Would you reproduce the data below exactly, please, leaving out its images?

# Dataset section
▼

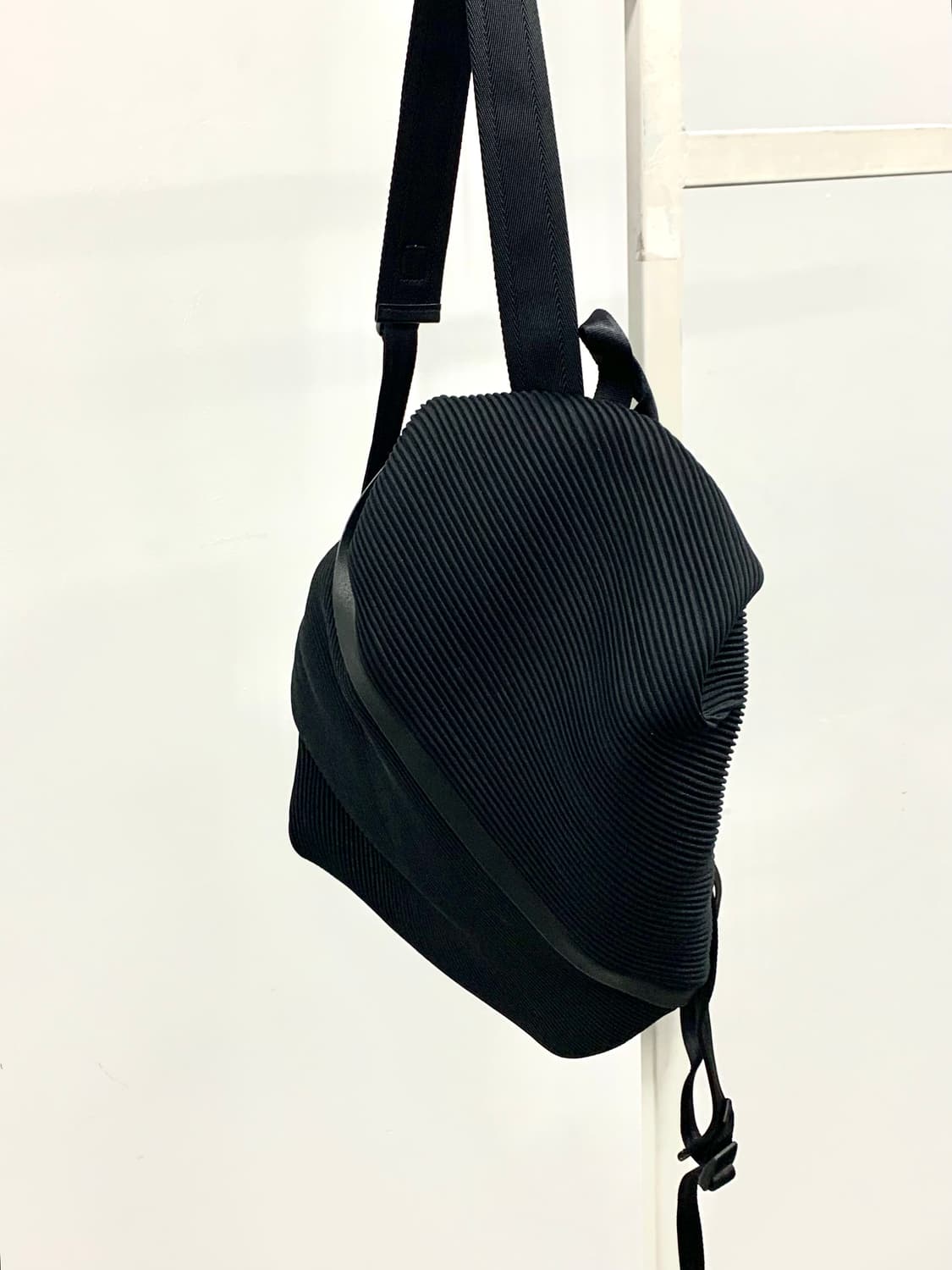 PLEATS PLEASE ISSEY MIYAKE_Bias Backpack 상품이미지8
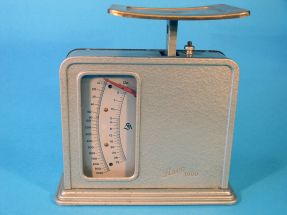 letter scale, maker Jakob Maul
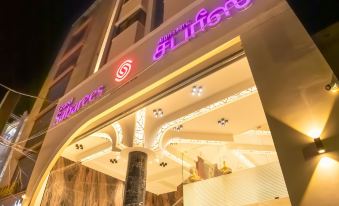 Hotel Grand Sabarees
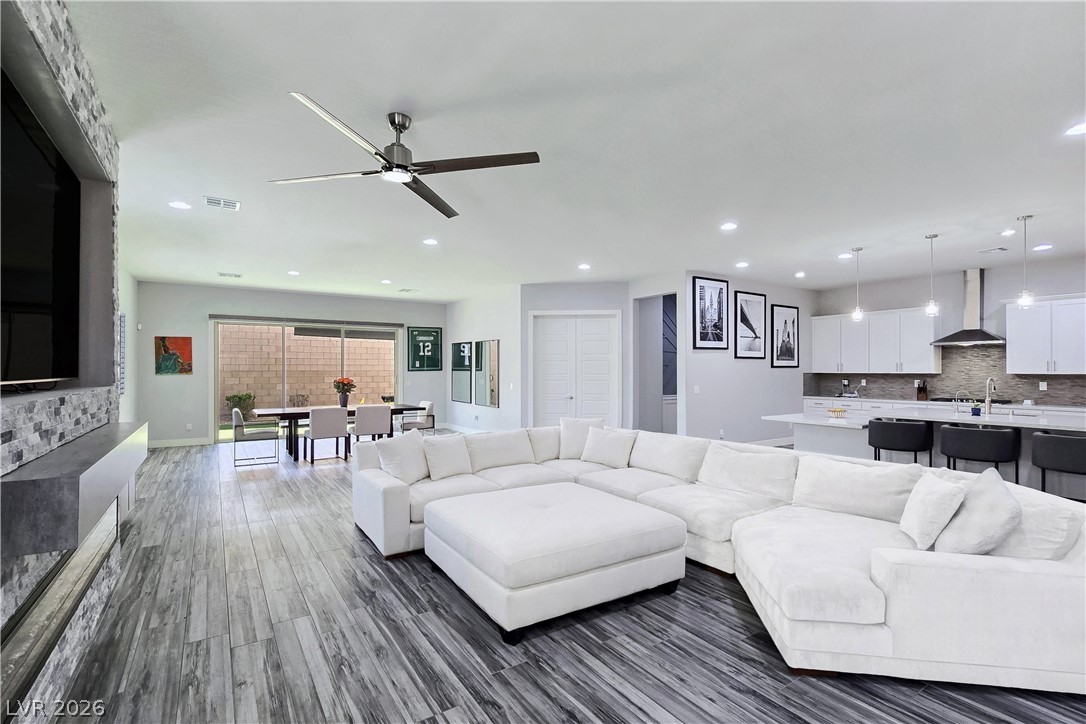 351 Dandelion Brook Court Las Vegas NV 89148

▲

# Task answer
 PLEATS PLEASE ISSEY MIYAKE_Bias Backpack 상품이미지8
 letter scale, maker Jakob Maul
 Hotel Grand Sabarees
 351 Dandelion Brook Court Las Vegas NV 89148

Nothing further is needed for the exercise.